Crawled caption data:
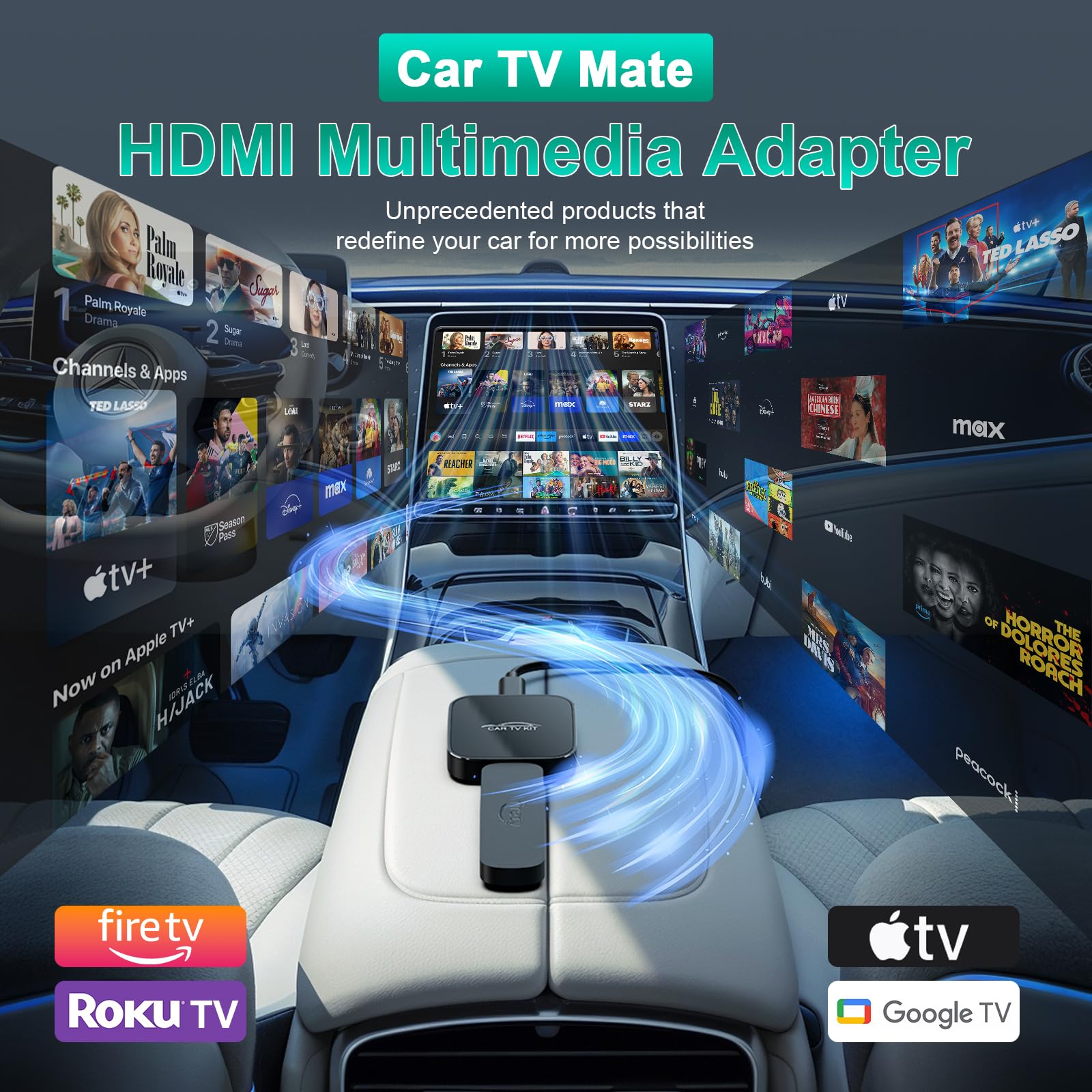 Car TV Mate Max with Wireless CarPlay and Android Auto Adapter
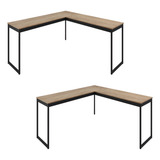 Conjunto 2 Mesas Escrivaninha De Canto Em L Para Escritório Cor Lamina Com Preto Design Nórdico Estilo Industrial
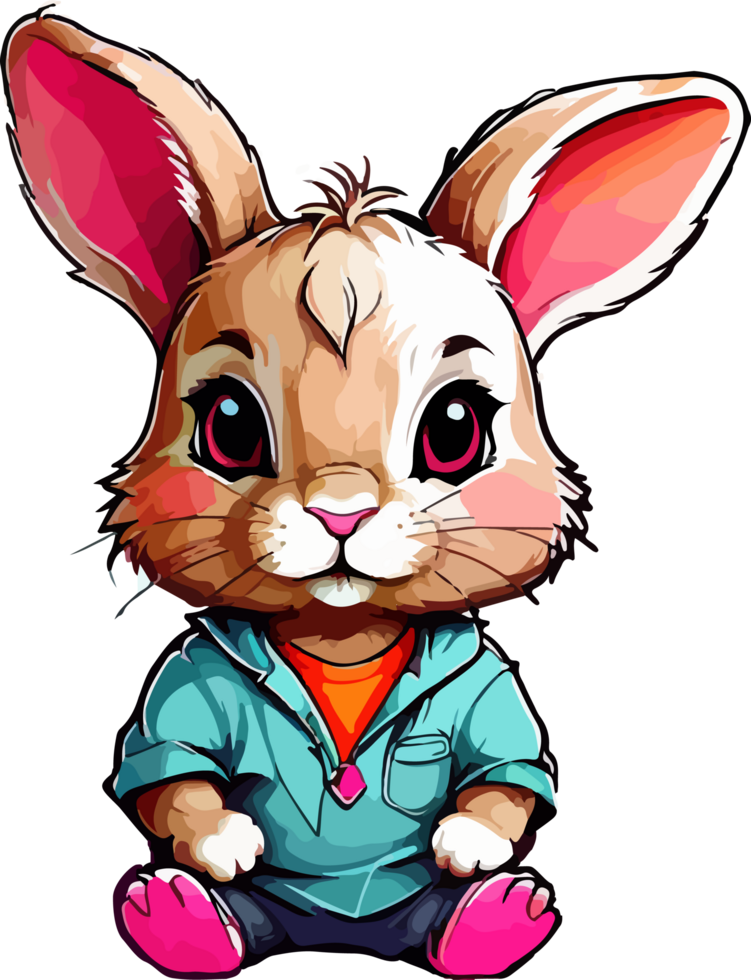 Cute Baby Rabbit Cartoon AI Generative png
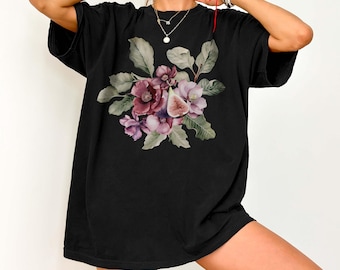 Violet Floral Fig Shirt Comfort Colors, Botanical Flower Shirt, Cottagecore Wildflowers Shirt, Vintage Garden Shirt, Birth Month Flower Gift
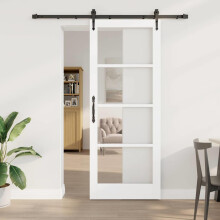 vidaXL Sliding Door White 83 x 211 cm Solid Pine Wood and Glass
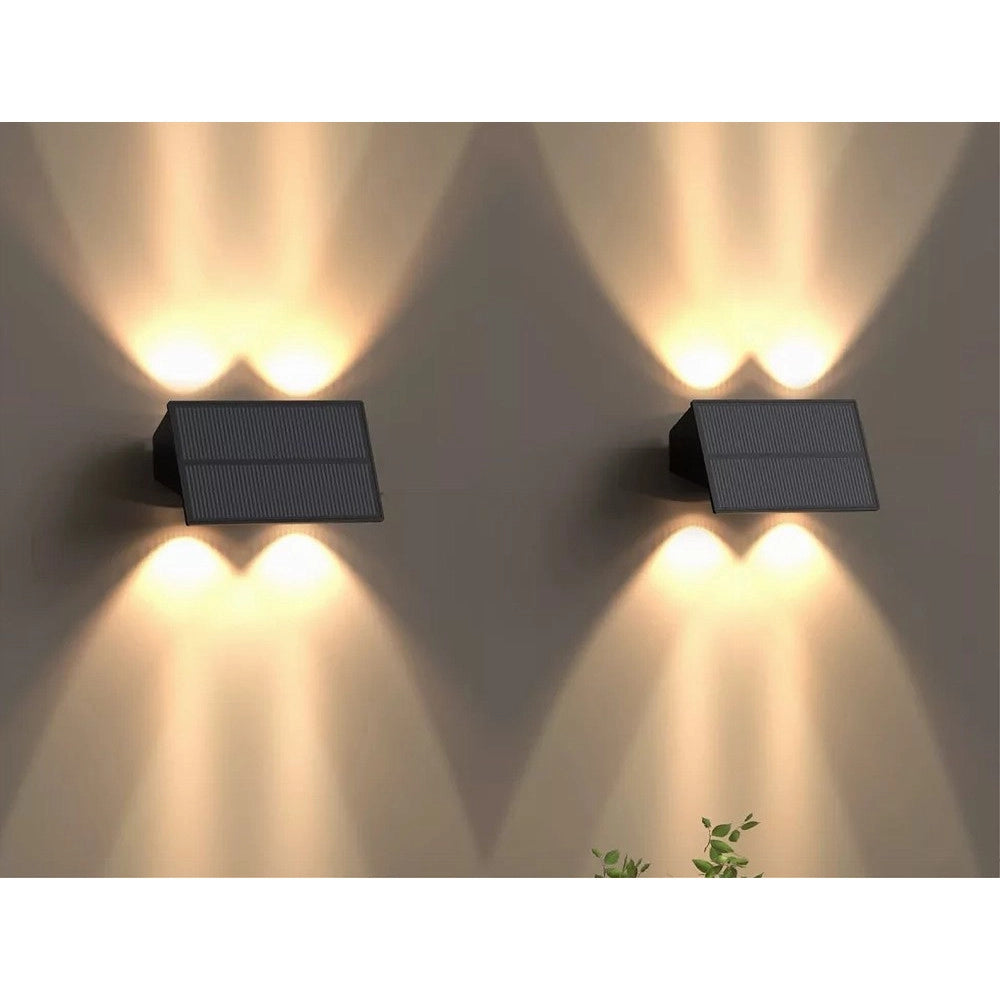 Trade Shop - Applique Biemissione Led Lampada Solare Parete Ip65 Luce 3000k 6500k Nero Yh0616 -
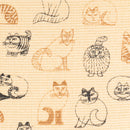 水 - 吸收十字架（素描貓，米色）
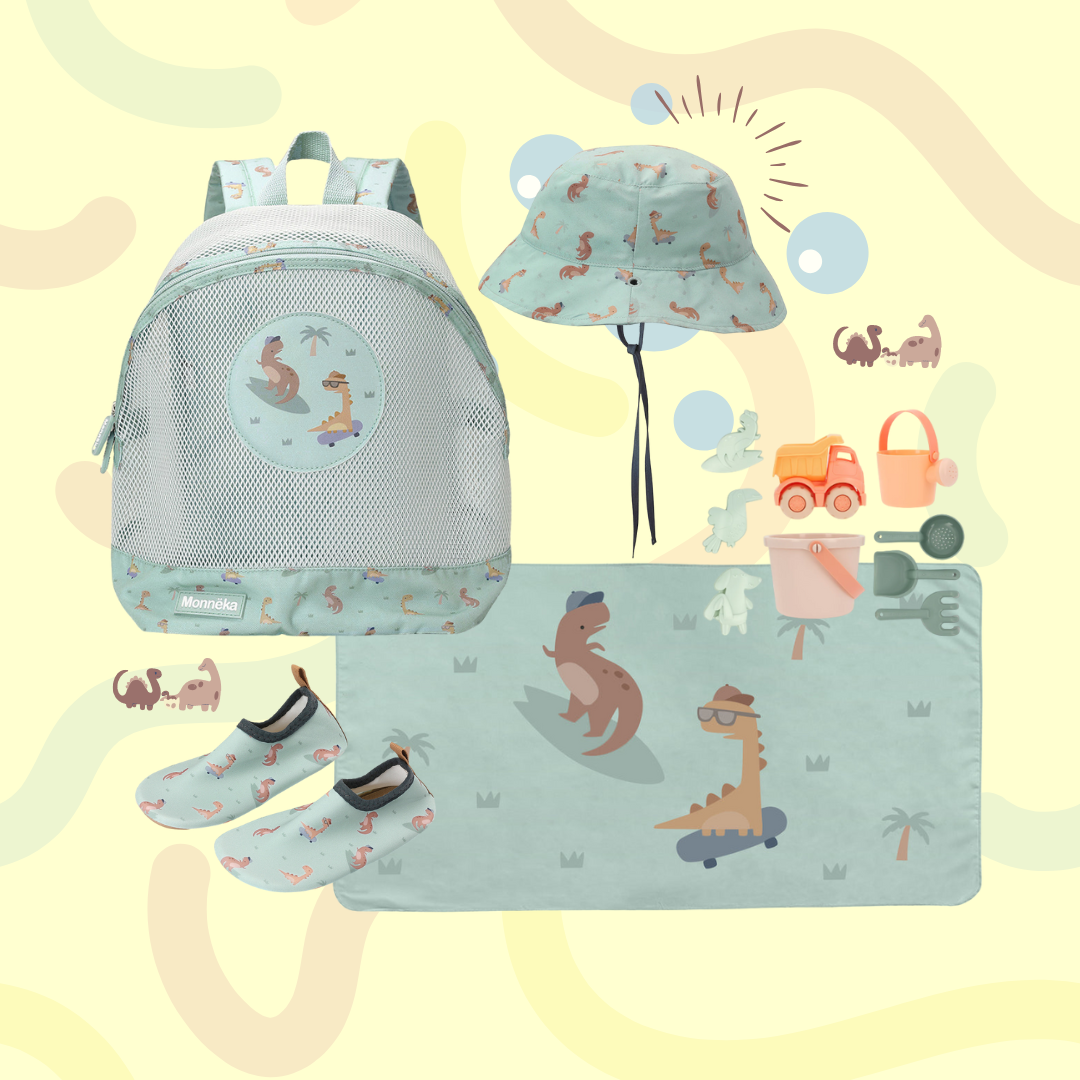 Pack Praia - Mochila + Toalha + Brinquedos + Sapatos + Chapéu Cool Dinos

• Work to be completed
Copy out exactly the lines between the line that contains "Conjunto 2 Mesas" and the last line of the records, both ends included; leave out every picture.

• Solution to the exercise
 Conjunto 2 Mesas Escrivaninha De Canto Em L Para Escritório Cor Lamina Com Preto Design Nórdico Estilo Industrial
 Cute Baby Rabbit Cartoon AI Generative png
 Violet Floral Fig Shirt Comfort Colors, Botanical Flower Shirt, Cottagecore Wildflowers Shirt, Vintage Garden Shirt, Birth Month Flower Gift
 vidaXL Sliding Door White 83 x 211 cm Solid Pine Wood and Glass
 Trade Shop - Applique Biemissione Led Lampada Solare Parete Ip65 Luce 3000k 6500k Nero Yh0616 -
 水 - 吸收十字架（素描貓，米色）
 Pack Praia - Mochila + Toalha + Brinquedos + Sapatos + Chapéu Cool Dinos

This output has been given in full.